-- Task prompt --
The material below holds pictures; leave them out and reproduce exactly the lines from the one with "ANTIDOTUM Airshow Leszno: Fallschirmspringer" through the one with "New Holland T7.230 AUTO COMM", inclusive.

-- Material supplied --
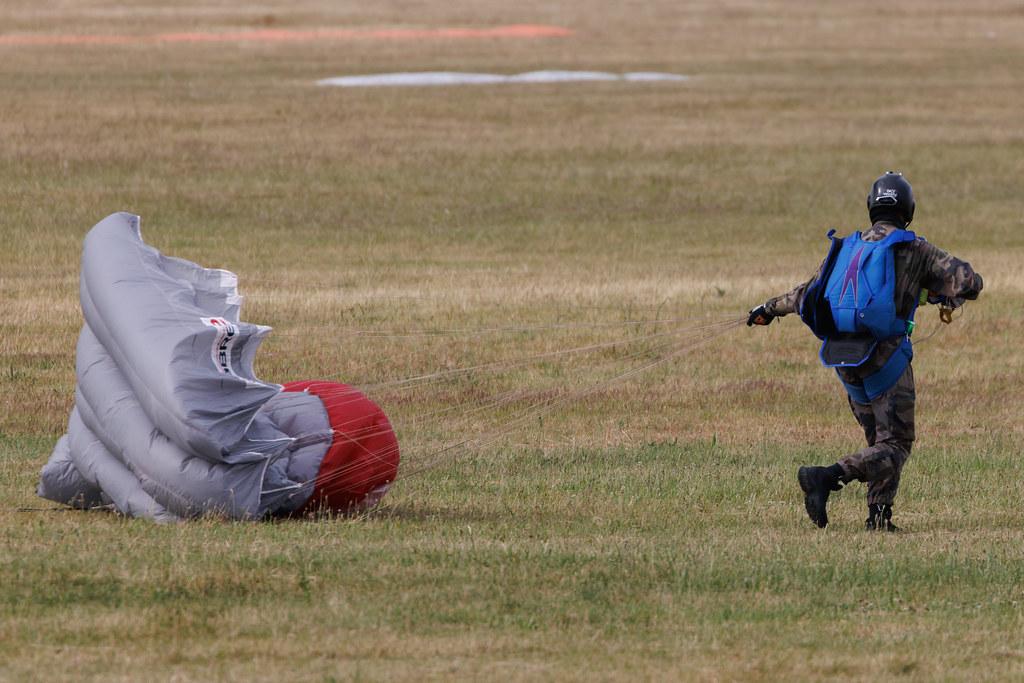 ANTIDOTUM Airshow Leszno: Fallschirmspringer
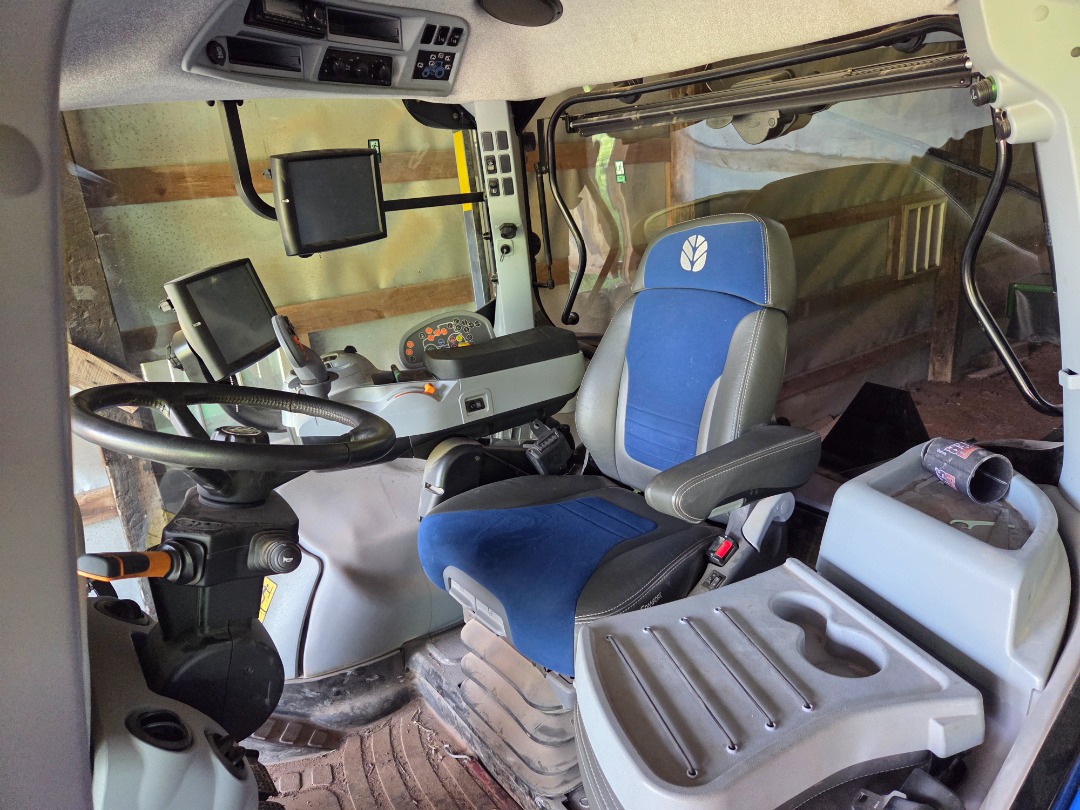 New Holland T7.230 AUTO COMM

...

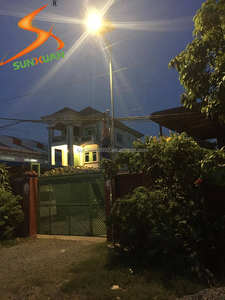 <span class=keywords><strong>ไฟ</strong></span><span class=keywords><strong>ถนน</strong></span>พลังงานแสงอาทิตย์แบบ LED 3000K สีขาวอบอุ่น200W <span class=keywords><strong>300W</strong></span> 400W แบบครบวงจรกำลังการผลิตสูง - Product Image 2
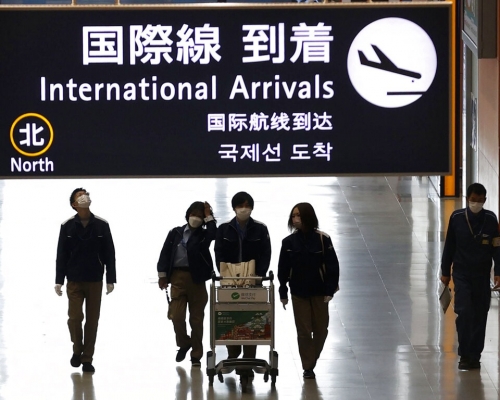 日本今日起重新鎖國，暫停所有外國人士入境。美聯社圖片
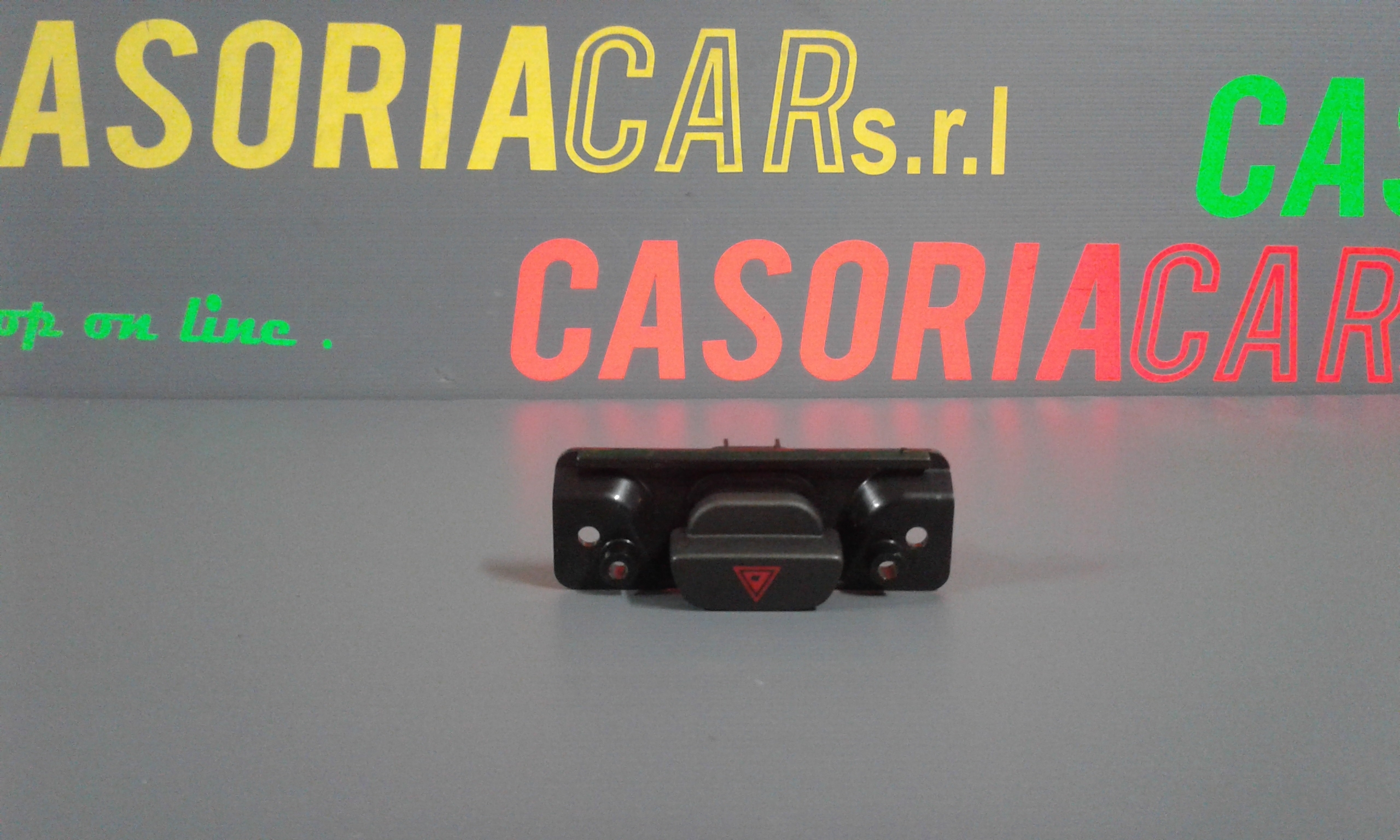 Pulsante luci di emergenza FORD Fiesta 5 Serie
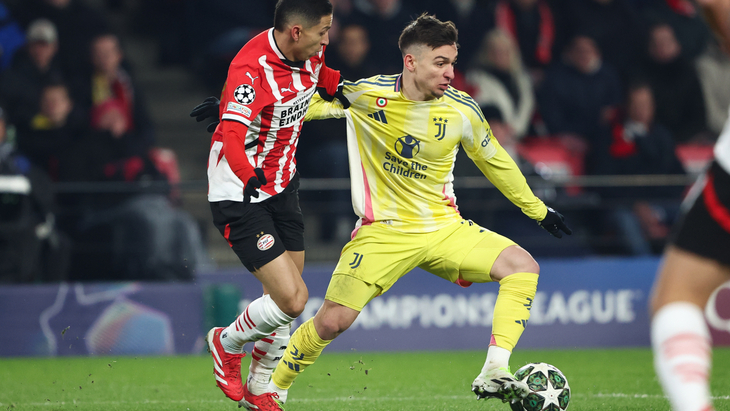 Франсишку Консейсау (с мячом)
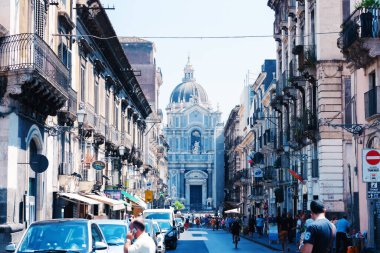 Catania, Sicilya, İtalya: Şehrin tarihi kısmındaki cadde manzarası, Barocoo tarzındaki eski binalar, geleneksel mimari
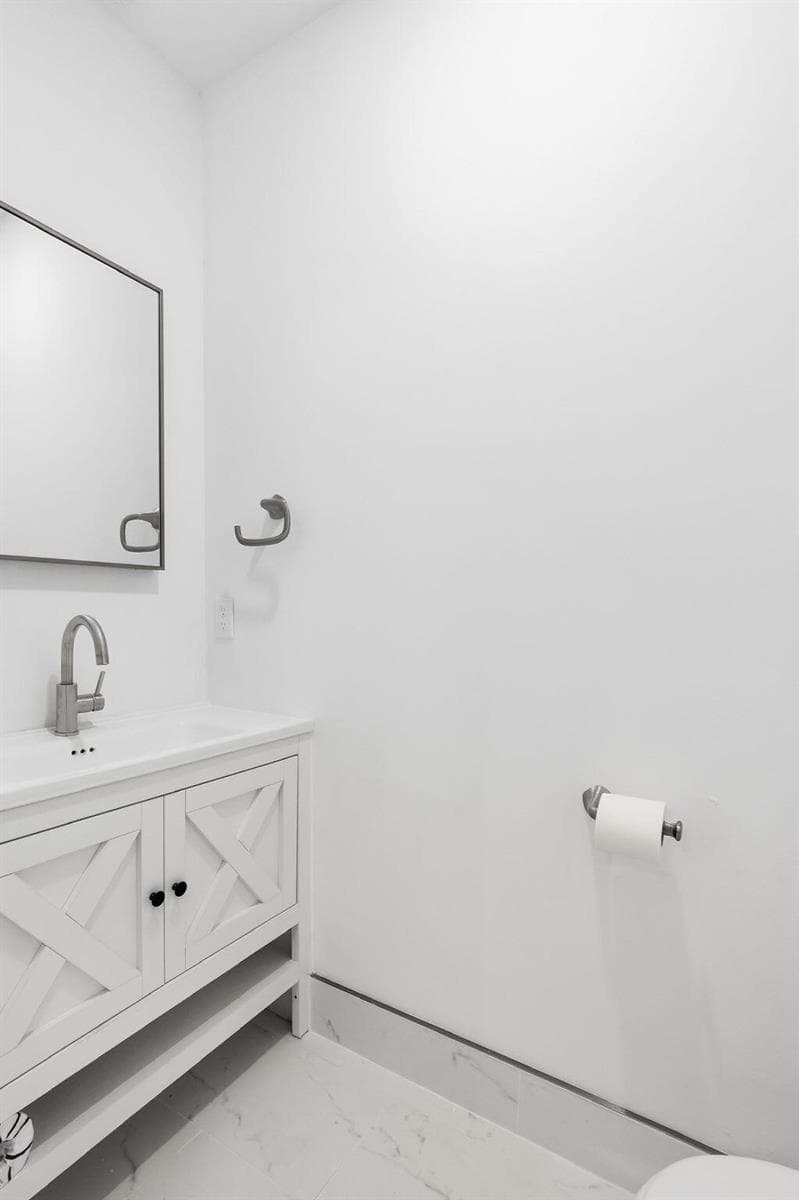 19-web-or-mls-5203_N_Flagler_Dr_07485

...

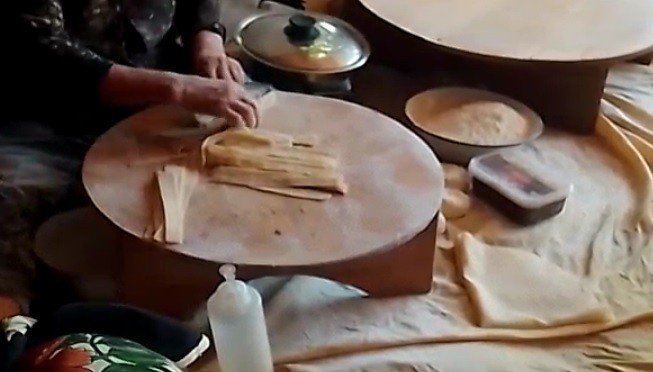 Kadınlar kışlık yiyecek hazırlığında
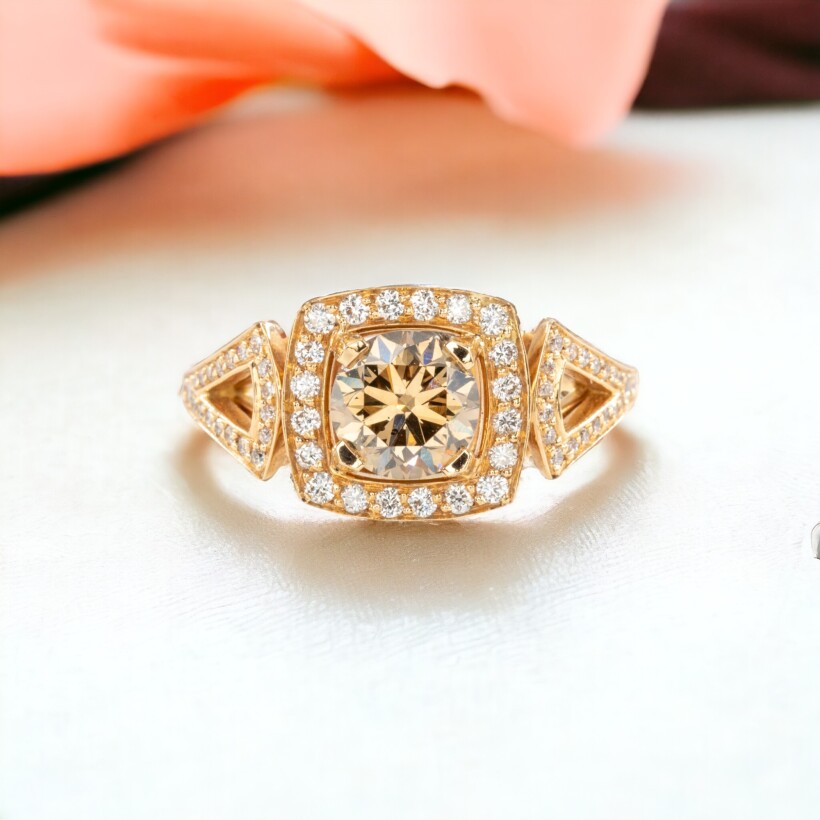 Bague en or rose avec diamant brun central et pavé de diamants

-- Worked solution --
 ANTIDOTUM Airshow Leszno: Fallschirmspringer
 New Holland T7.230 AUTO COMM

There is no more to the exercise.